脇田玲

第2回:マインドセットを変える組織

いま「ラボ」や「リサーチ」を冠した組織が、アフターインターネット時代のビジョンを作りあげつつある。彼らはスピード感と軽やかさを武器に、新しい技術の可能性を社会に問い続けているのだ。ラボやリサーチをイノベーションの駆動力とする「ラボドリブン社会」とはどのようなものか。ビジネスからアートまで、最先端の現場からラボの新しい姿を解き明かす。

アート&サイエンスの事例

同様の流れはアート&サイエンスの世界でも起きている。電子芸術の国際的な祭典として知られるアルス・エレクトロニカ・フェスティバルは毎年夏の終わり頃オーストリアのリンツで開催される。今年も9/8〜9/12まで開催され、デジタルミュージック、インタラクティブアート、アニメーションなど様々な分野の作品が発表された(筆者も小室哲哉さんとの共作による8Kの映像音響インスタレーションを発表したのだが、スペースの関係から振り返りインタビューのリンクだけお伝えしたい。

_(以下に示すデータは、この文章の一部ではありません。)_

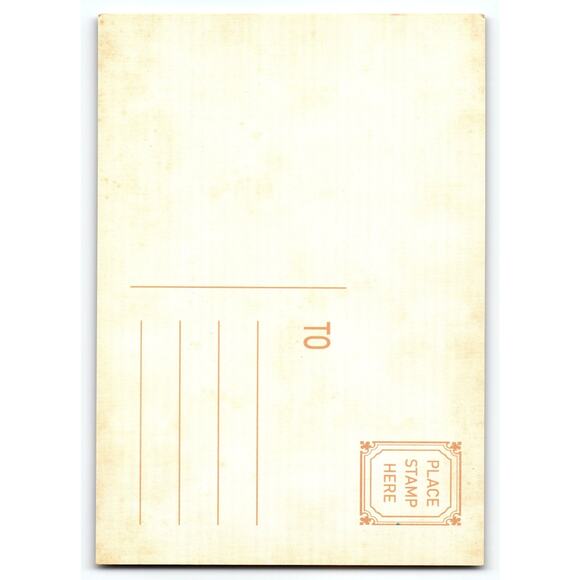 Vintage Photochrome Halloween Postcard Little Witch with Black Cat - Picture 2 of 2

・インタビューその1 http://www.sensors.jp/post/1016125.html

・インタビューその2 http://www.sensors.jp/post/tetsuya-komuro-akira-wakita-ars.html

このフェスティバルでは賞も授与される。受賞作品には既存の芸術の見方を大きく更新するようなものが多い。例えば、昨年度のデジタルミュージック部門では、日本人アーティストの赤松音呂さんの作品「Chijikinkutsu」がグランプリを受賞した。デジタルミュージックという言葉からは、PCで動作する作曲アプリやそれによって作られた楽曲、その配信環境などを思い浮かべるのが一般的だろう。しかし、赤松さんの受賞作はその概念を覆すもので、地球の地磁気によって水琴窟を構築するという壮大なシステムなのだ。ミュージシャンがアプリのスライダーを操作して楽曲を作るという一般的なイメージは微塵もない。地球に流れる地磁気を感じ取る装置、それを音に変換するカラクリ、そして水琴窟という文化的文脈が一体となり、壮大な音響空間を構築している。音を聞きながら地球を感じ取る、もしくは地球を聴くための楽器とも言える。

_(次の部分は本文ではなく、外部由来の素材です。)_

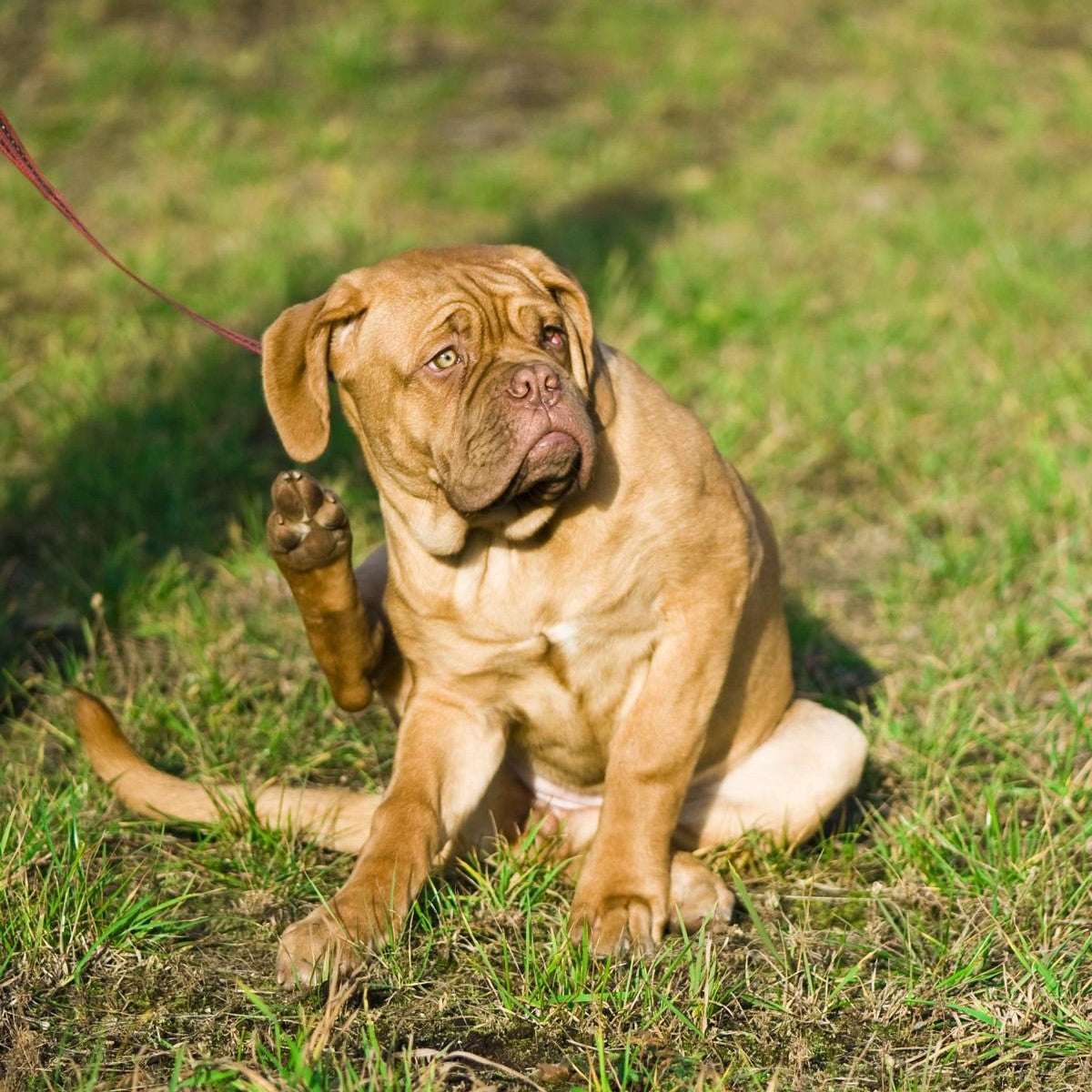 Ein brauner Hund sitzt im Gras, hebt eine Vorderpfote und schaut zur Seite. An seinem Halsband ist eine rote Leine befestigt.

あるグループ展で赤松さんとご一緒する機会があり、ご本人に伺ってみたところ、赤松さんは現代アートの世界で活動してきた作家であり、アルスには初めて作品応募したそうだ。この作品であれば、インタラクティブアート部門やハイブリッドアート部門の受賞がふさわしく感じるが、そこに(おそらくあえて)デジタルミュージック部門として賞を与えるところにアルス・エレクトロニカの面白さがある。赤松さんの受賞は、デジタル音楽とは何か、人類にとって楽器とはどのような存在なのかといった本質的な問いを巻き起こし、デジタル音楽に対する人々のマインドセットを変える出来事だったのだ。

アルス・エレクトロニカのビジョン

前回のコラムで少し触れたが、アルス・エレクトロニカにはフューチャーラボという研究機関がある。展示と教育をカバーするミュージアム部門、賞と祭典を取り扱うフェスティバル部門、そして研究開発を担うフューチャーラボという3つのフレームでアルス・エレクトロニカという組織は構成されている。このラボは展示技術の開発や外部組織との共同研究を実施しており、クライアントには日本企業も多い。ちょうど先日、フューチャーラボの友人2人が来日したので、横浜中華街で食事をした。ラボに関するコラムを書いているので、フューチャーラボの研究目的を教えて欲しいとお願いしたところ、帰ってきた答えは「人々のマインドセットを変えること」だった。彼らにとって重要なのは、収益を上げることでもなく、論文を執筆してビジョンを後世に伝えることでもなく、特許を出願することでもない。世界中の人々のマインドセットを変え、社会を良い方向にシェイプすることだという。恐らくこのビジョンはフューチャーラボのみならず、アルス・エレクトロニカの組織全体で共有されたものであり、フェスティバルの受賞作の選考にも良い影響を与えていると思う。

二次的創作と社会進化

スウェーデン・アカデミーとアルス・エレクトロニカのもう一つの共通点は権威ある組織であることだ。賞を授与できる立場だからこそ、人々のマインドセットを変えることができる。世の中を見回してみると、残念ながら権威と実験マインドの双方を具備した組織は稀である。大方は権威により価値を固着せしめ、世の中を停滞させているように思えてならない。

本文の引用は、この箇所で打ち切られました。